これらのウイルスに共通して言えることは、DNAウイルスやレトロウイルスが多い点です。
EPVとHPV、HBVはDNAウイルスです。HTLV-1はレトロウイルスです。
DNAウイルス、レトロウイルスとは?
DNAウイルスは、ウイルスの遺伝情報がDNA上に乗っているウイルスです。これ以外にウイルスの遺伝情報がRNA上に乗っているRNAウイルスがあり、これはRNAウイルスと呼ばれます。
ヒトをはじめとするほとんどの生物では遺伝情報はDNA上に保持されています。これはDNAの方が化学的に安定で、遺伝情報を確実に保持する上ではRNAよりDNAの方が都合がよいからです。
もっとも、生体内で酵素その他のタンパク質を合成する際には、DNAの情報が直接使われるのではなく、いったん、DNAの情報がRNAに転写されます。つまり、情報としてはRNAさえあればよいという面もあります。
このため、ウイルスには、遺伝情報をDNAとして持つDNAウイルスとRNAとして持つRNAウイルスがあるわけです。
なお、レトロウイルスはRNAウイルスですが、RNAの遺伝情報をDNAに転写してこれを宿主細胞のDNAに組み込むウイルスです。
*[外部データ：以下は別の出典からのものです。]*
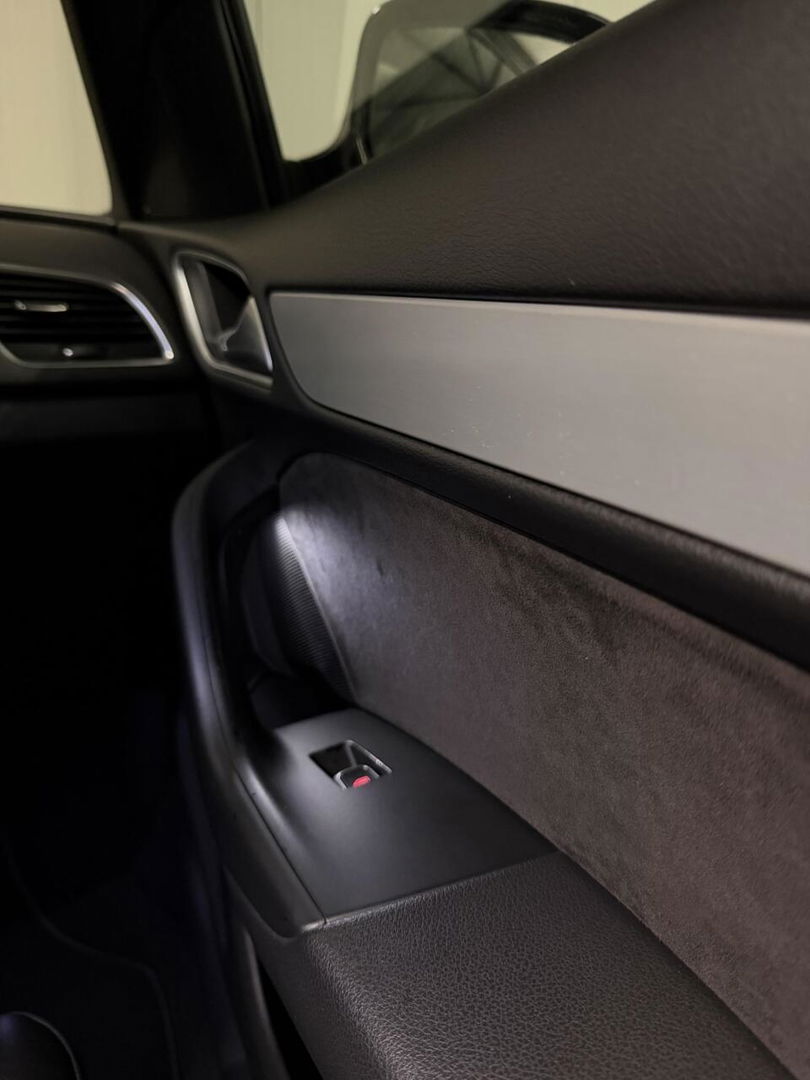 Audi Q3 2.0 TFSI quattro S-line Pano Trekhaak Black edition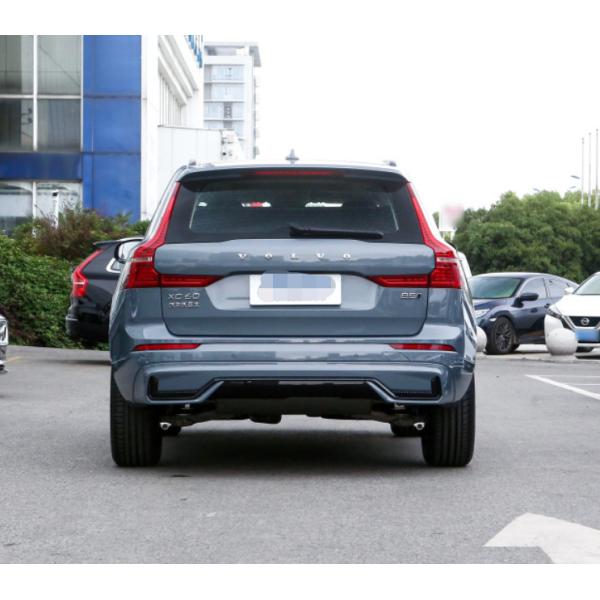 XC60 2023 B5 4WD Zhiyi sport version 2.0T 250HP L4 5 Door 5 seats SUV Car
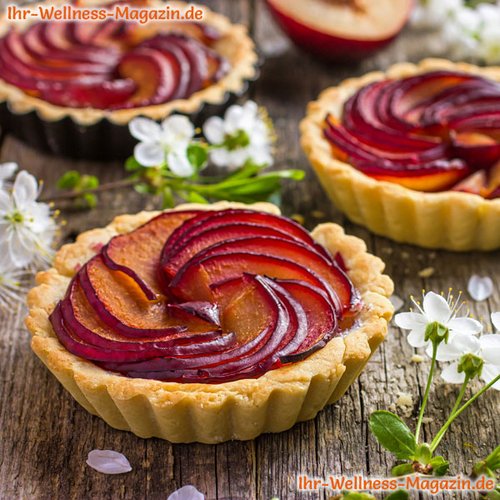 Low Carb Pflaumen-Tartelettes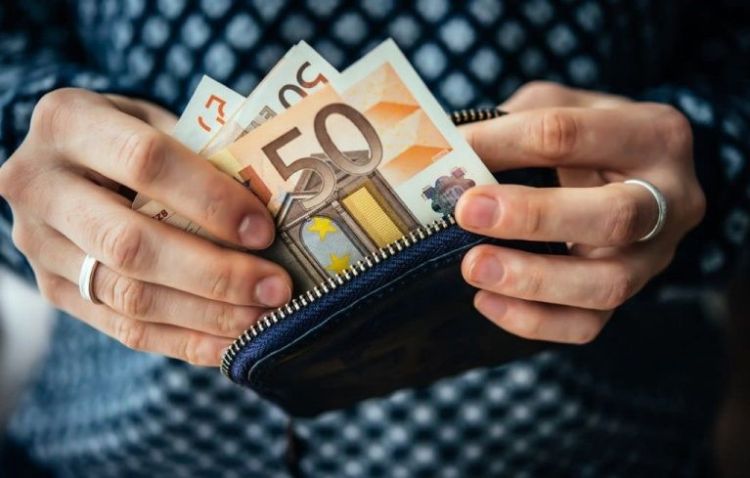 Το 2023 φέρνει μόνιμα και έκτακτα «δώρα» 4,2 δισ. ευρώ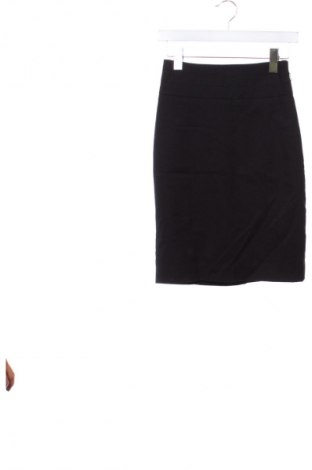 Sukně H&M, Velikost XS, Barva Černá, Cena  49,00 Kč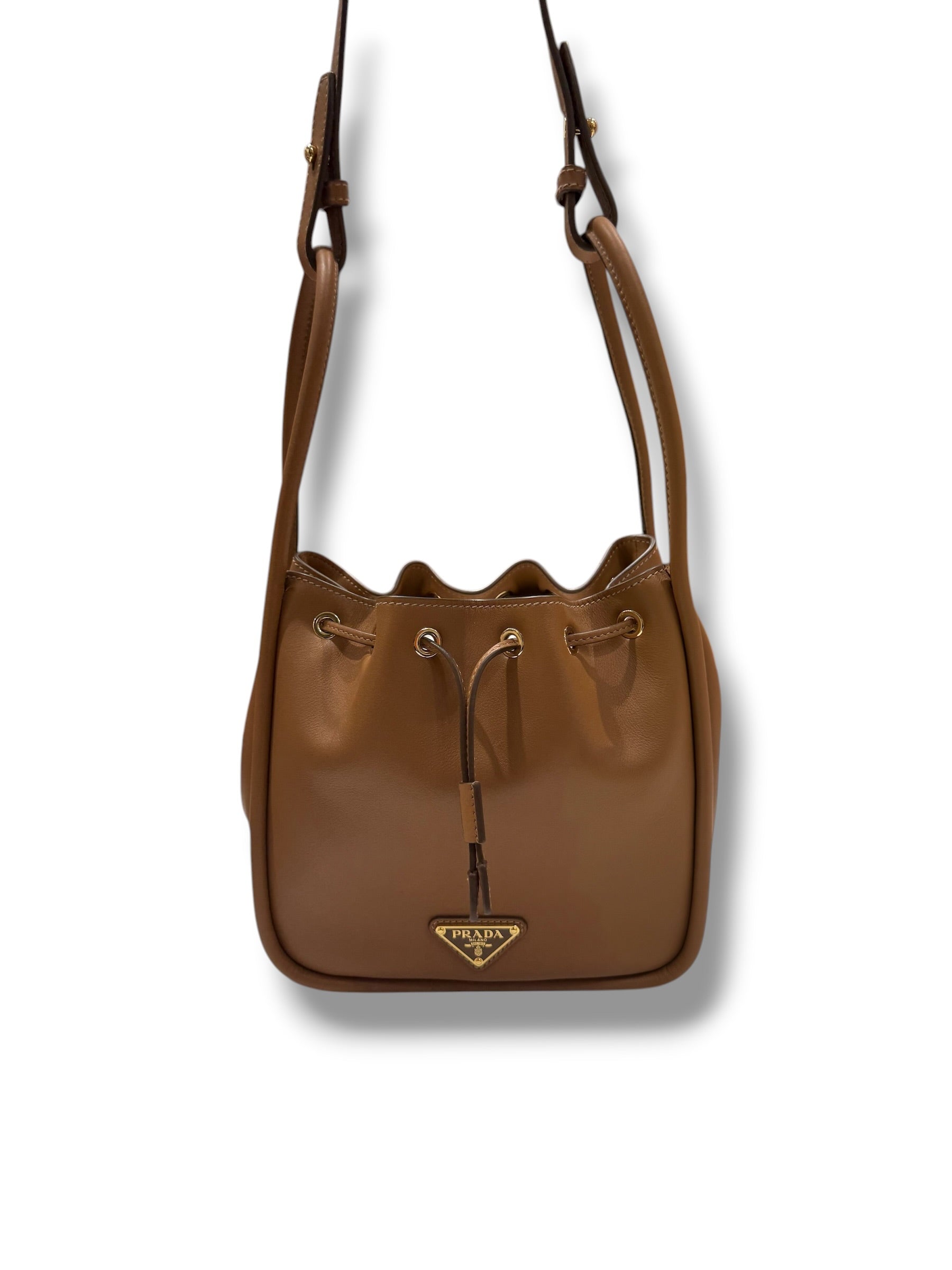 Prada - Sac seau Darling Camel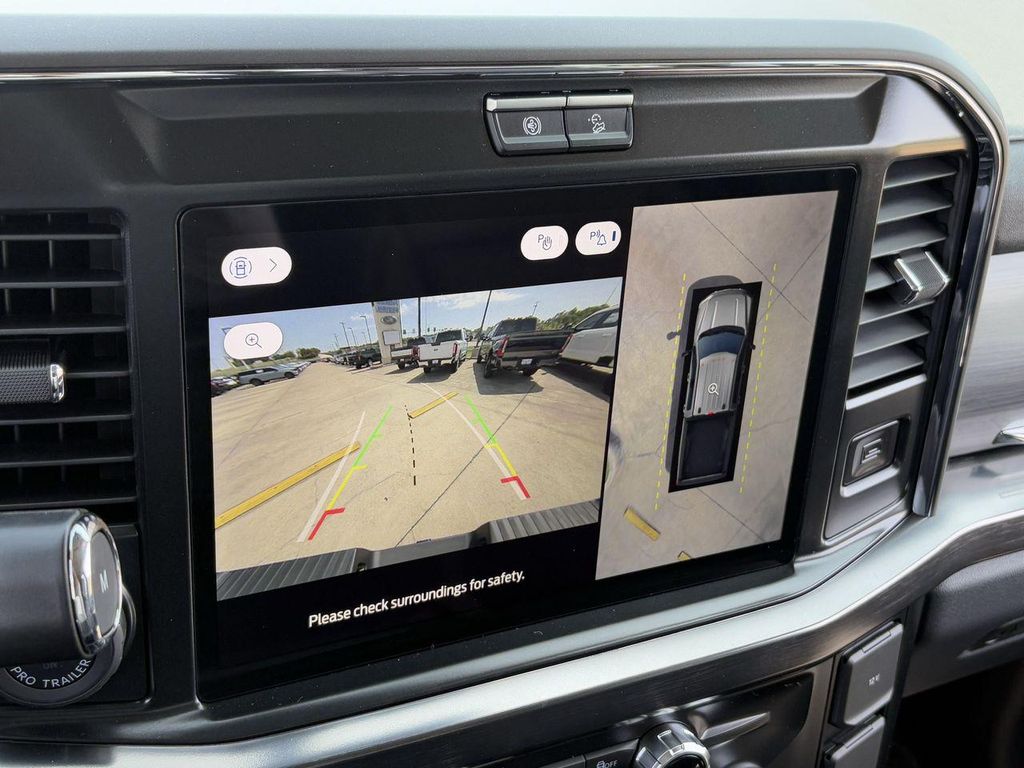 صورة مصغرة 19 لـ 2026 FORD F-250 LARIAT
通常、遺伝情報はDNA→RNAと転写されるところを、DNA←RNAと逆方向に転写するため「レトロ」ウイルスと呼ばれます。
なぜ「がんウイルス」にはDNAウイルスやレトロウイルスが多いのか?
ウイルスががんを引き起こすメカニズムにはさまざまなものがあります。ただ、ウイルス は基本的に細胞の中に入って増殖します。この際、DNAウイルスは感染した細胞の核内で、レトロウイルスは感染した細胞のDNAを介して増殖します。
そして、増殖するために宿主細胞の増殖制御に影響を及ぼします。
非常に単純化して言うと、ウイルスが増殖するためには、宿主細胞のDNAが活発に複製されたりする方が好都合なわけです。
その結果、細胞の増殖制御がなんらかの形で異常をきたしてしまい、がんになるのです。このような理由で、DNAウイルスやレトロウイルスのなかには、がんを引き起こすものがいるわけです。
まとめ
がんウイルスは、感染した細胞内で自己増殖することなく、安定的に潜伏感染・慢性感染を継続することもあります。また、最近、話題のコロナウイルスやインフルエンザウイルスは通常のRNAウイルスであり、がんを引き起こすことはないと考えられます。つまり、ウイルスに感染してもがんになるケースは限られています。それでもがんの1割以上がウイルス感染と関係しています。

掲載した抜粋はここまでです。